- © 2004 Canadian Medical Association or its licensors
This Journal has repeatedly called for federal leadership in public health,1 leadership that would guide us through crises such as BSE,2 Walkerton3 and SARS4,5 and that would ensure the fundamentals of health protection, including national surveillance and a national vaccination strategy.6 We have not been alone in advocating a national public health agency. Nothing is more obvious and more urgently needed than a national body that is independent of politicians and bureaucrats and dedicated solely to protecting and enhancing the health of the public. An agency that will lead, not follow.
At the helm of change, Carolyn Bennett, the Minister of State for Public Health, is charged with “establish[ing] a strong and responsive public health system.” 7 Yet, days before the federal budget is brought down, we find the minister waiting for comments to a discussion paper8 that could only have been written by senior bureaucrats who have but a timorous and vague concept of what public health is and whose primary focus is on “opening a dialogue on public health issues” and keeping the new agency firmly within their control. “The agency,” we are informed, “would … operate within the Health Canada portfolio.”
Hello. In the light of widespread outbreaks of old pathogens and the now almost monthly arrival of new ones from around the world, we do not need the procrastinations of yet another federal subdepartment of some other subdepartment reporting to a distant associate of some deputy minister. We need leadership. We need independence.
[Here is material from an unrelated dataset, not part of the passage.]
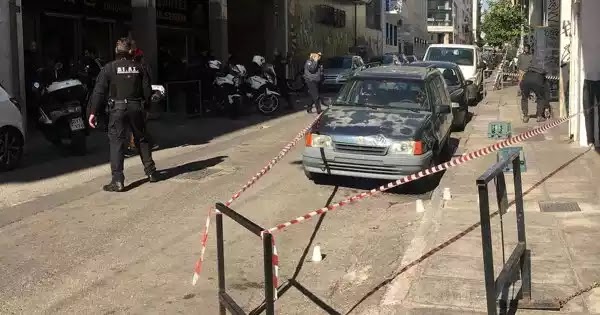 Βίντεο από την σφαγή αλλοδαπών στο κέντρο της Αθήνας - Μέρα μεσημέρι έκαναν τους δρόμους πεδίο μάχης Βίντεο από την σφαγή αλλοδαπών στο κέντρο της Αθήνας - Μέρα μεσημέρι έκαναν τους δρόμους πεδίο μάχης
We need an agency that is adequately funded and a chief public health officer who can report directly to the public without the filters applied by bureaucrats and communications officers.
There is no doubt that, to be effective, public health must build consensus among often-competing public (and private) institutions, including government. As the SARS epidemic in Toronto taught us, cooperation among federal, provincial and local health agencies is not automatic.9 Equally important, however, is a public consensus based on a coherent understanding of the facts.10 This larger consensus cannot be achieved by endless federal–provincial doughnut-and-coffee meetings in hotel meeting rooms, as Health Canada and the provinces have tried to do for decades and failed, dismally, with tragic results.
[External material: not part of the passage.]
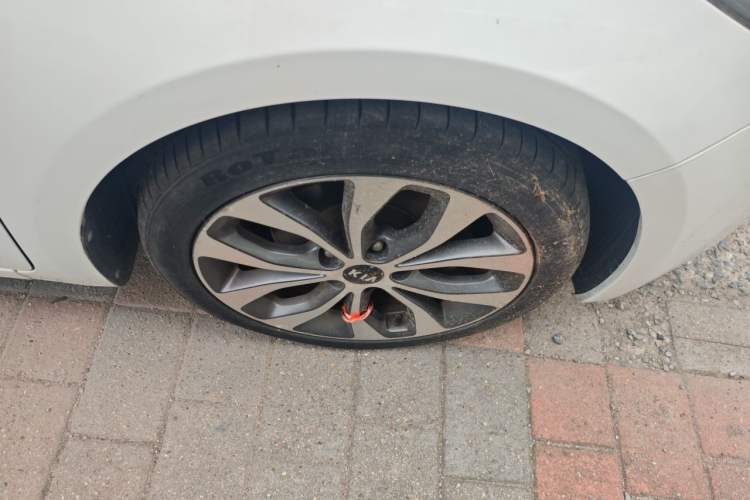 Used Kia K3 2013 1.6L Automatic Premium Right Front Wheel Hub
The rapid succession of public health emergencies has convinced the public that they are inadequately protected and that they live and work in environments that require risk monitoring. Politicians have also understood. Minister Bennett has the goal correctly identified, and the government has made a public commitment to it in the Throne Speech. Provincial politicians are also in agreement with the creation of the new federal agency. Yet, for all that, the health ministers in Ottawa and their provincial counterparts risk underestimating the entrenched sluggishness of their own bureaucracies.
Ontario, for example, recently attempted to shore up its spotty public health system by appointing the very competent Dr. Sheela Basrur to replace the former Chief Medical Officer of Health. Wisely, Provincial Premier McGuinty placed her on a higher stool than her predecessor — she reports directly to the Minister of Health and Long-Term Care. However, Dr. Basrur remains hobbled by resources (for a population of 11.4 million) that are not much more than those of a small doughnut franchise.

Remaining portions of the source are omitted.